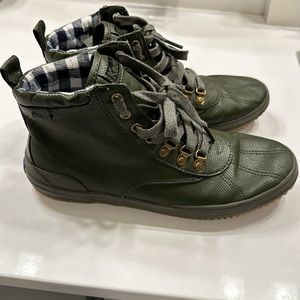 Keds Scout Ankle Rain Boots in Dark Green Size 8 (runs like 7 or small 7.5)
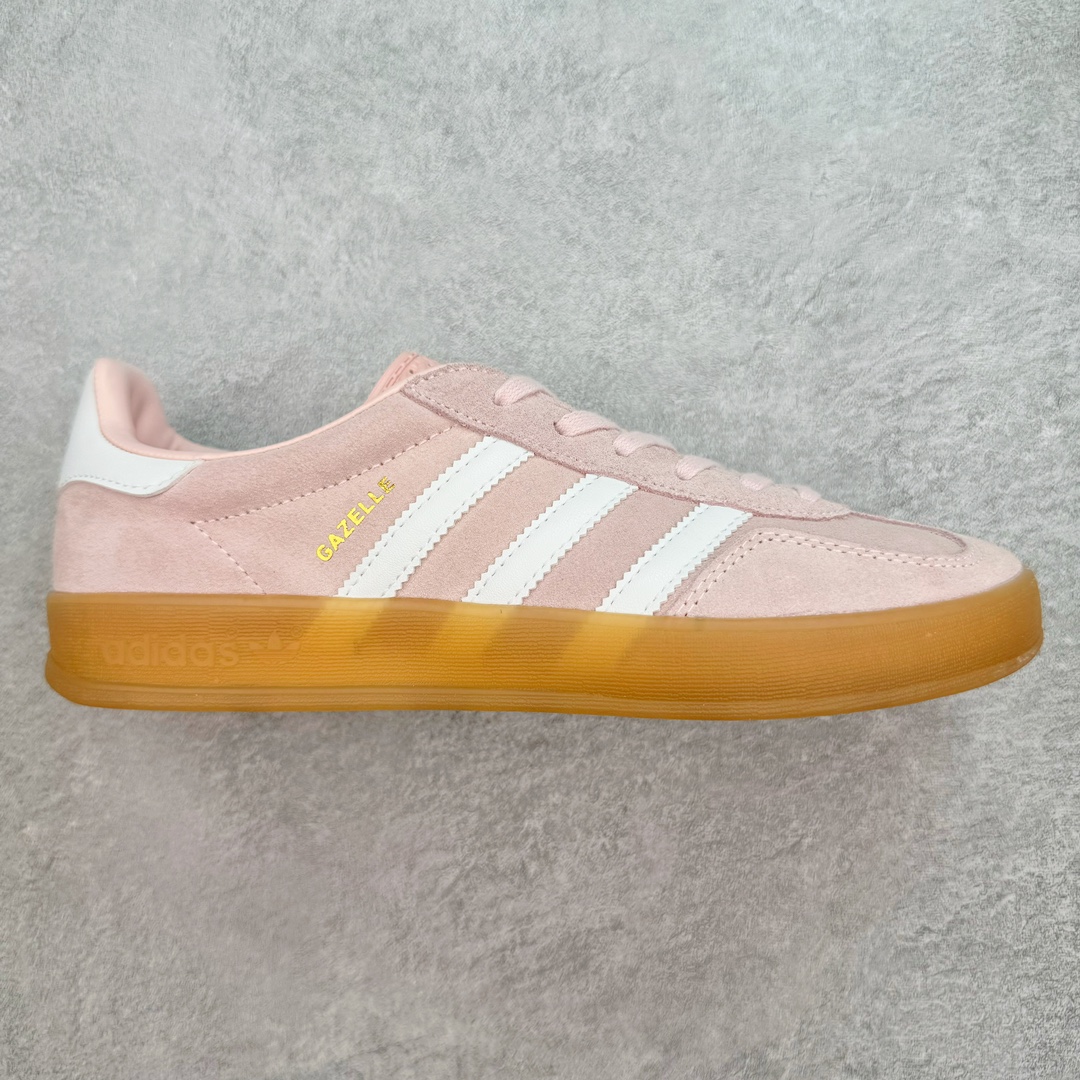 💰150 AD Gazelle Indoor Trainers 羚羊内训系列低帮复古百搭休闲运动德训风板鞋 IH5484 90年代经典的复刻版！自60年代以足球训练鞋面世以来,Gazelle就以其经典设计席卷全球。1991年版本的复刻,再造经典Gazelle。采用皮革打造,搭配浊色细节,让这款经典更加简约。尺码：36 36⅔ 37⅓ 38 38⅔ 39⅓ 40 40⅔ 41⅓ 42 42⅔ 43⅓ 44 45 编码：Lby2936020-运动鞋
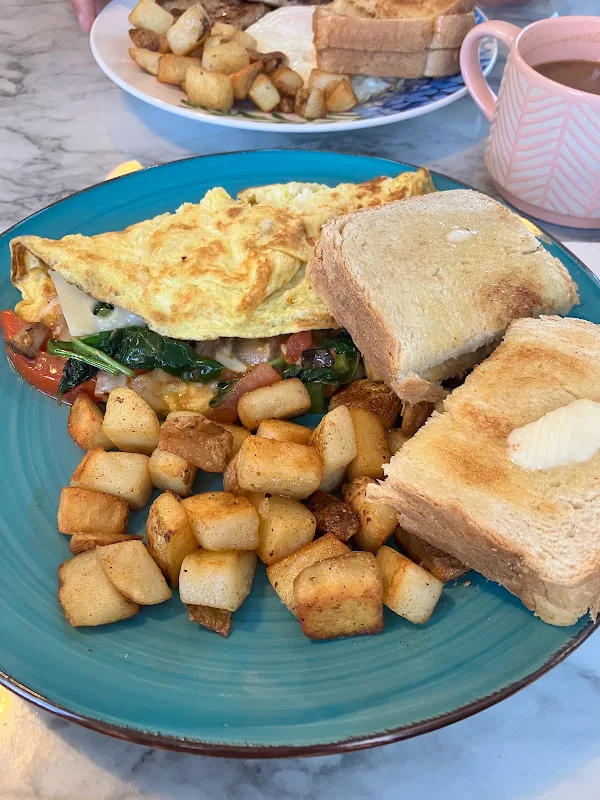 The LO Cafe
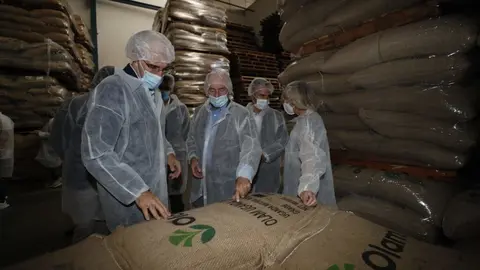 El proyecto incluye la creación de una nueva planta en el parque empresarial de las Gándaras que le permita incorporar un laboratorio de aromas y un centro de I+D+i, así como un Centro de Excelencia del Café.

*WHAT YOU WILL DO*. Leaving out all pictures, retype exactly the lines that run from the one containing "44 45 编码：Lby2936020-运动鞋" through the last line of the material.

*RESPONSE AREA*.
 💰150 AD Gazelle Indoor Trainers 羚羊内训系列低帮复古百搭休闲运动德训风板鞋 IH5484 90年代经典的复刻版！自60年代以足球训练鞋面世以来,Gazelle就以其经典设计席卷全球。1991年版本的复刻,再造经典Gazelle。采用皮革打造,搭配浊色细节,让这款经典更加简约。尺码：36 36⅔ 37⅓ 38 38⅔ 39⅓ 40 40⅔ 41⅓ 42 42⅔ 43⅓ 44 45 编码：Lby2936020-运动鞋
 The LO Cafe
 El proyecto incluye la creación de una nueva planta en el parque empresarial de las Gándaras que le permita incorporar un laboratorio de aromas y un centro de I+D+i, así como un Centro de Excelencia del Café.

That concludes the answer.